Thursday, March 15, 2007

Islamic Law and Legal Change

This is from F. Vogel's Islamic Law and Legal System, explaining why criminal penalties specifically stated in the Quran and Sunnah should be enforced to the letter, even though they may seem harsh:
[A] penalty is a "requital for what they have wrought"; the penalty has a retributive character, a righting of the wrong as ordained by God. But in conjunction with this is a reference to forgiveness of the penitent, possibly because infliction of the penalty is atonement for the crime. As one hadith states, "The hand of the repentant thief precedes him to heaven."
Amputation of the hand is the proscribed punishment for theft in Islamic law. More importantly, it can never change.

As I've been studying Islamic law this term, I've been on the lookout for signs of flexibility - of ways to adapt the law to changing societal norms.
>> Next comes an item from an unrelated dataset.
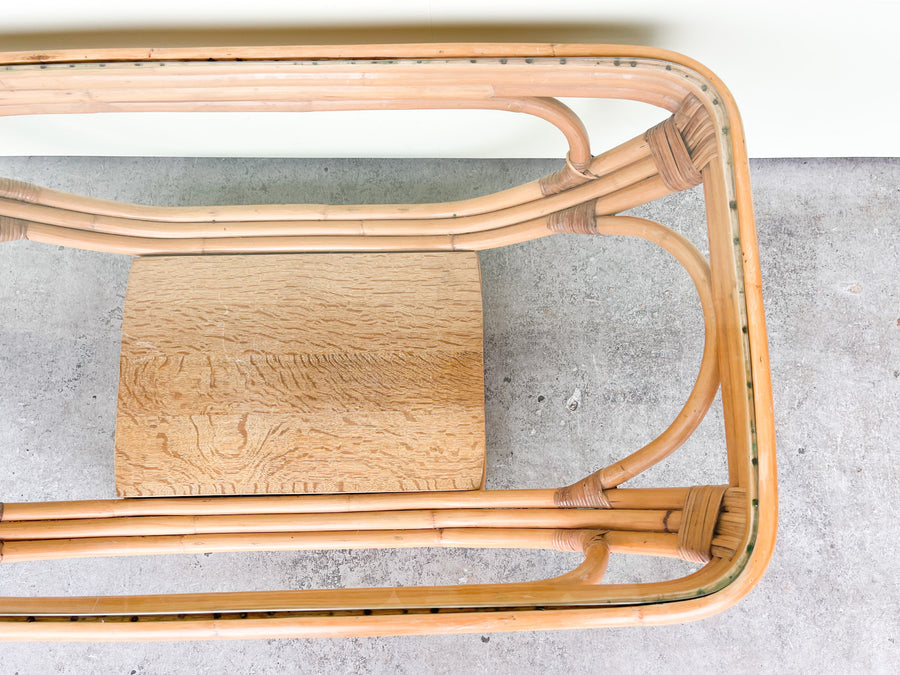 Frankl Style Rattan Coffee Table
There is, in theory, an abundance of tools for adaptation, and Islamic law in its first few centuries developed a rich tradition of jurisprudence adapting Islamic law to different times and to places far beyond the Arabian peninsula. Yet that tradition has itself achieved an unassailable position, and Islamic jurists today - who seem to demonstrate both a monastic's reticence and an academic's turf-jealousy - would be at pains to update the law, if they had any inclination to do so. Complicating the issue is the jurists' skepticism of the sources of positive law, be they kings or democratic assemblies. Islamic jurists are ambiguous as to whether statutes and decrees are recognizable under sharia; at best, they are inferior companions to the jurist-deduced law, usul al-fiqh.

I feel justified in concluding from what I've read this semester that a legal tradition built squarely on religious precepts simply cannot function as a modern, comprehensive legal system. With Jewish law, canon law, etc., this is not much of a problem, since the "laws" here merely "bind" religious officials, offices, or adherents. In contrast, sharia purports to be an omnibus legal system with a divinely ordained answer for every legal question. I wouldn't want to have canon law govern my rights in a democratic society; indeed, canon law is uniquely inappropriate for this purpose. I find it increasingly difficult to see how any other conclusion can be reached with respect to Islamic law.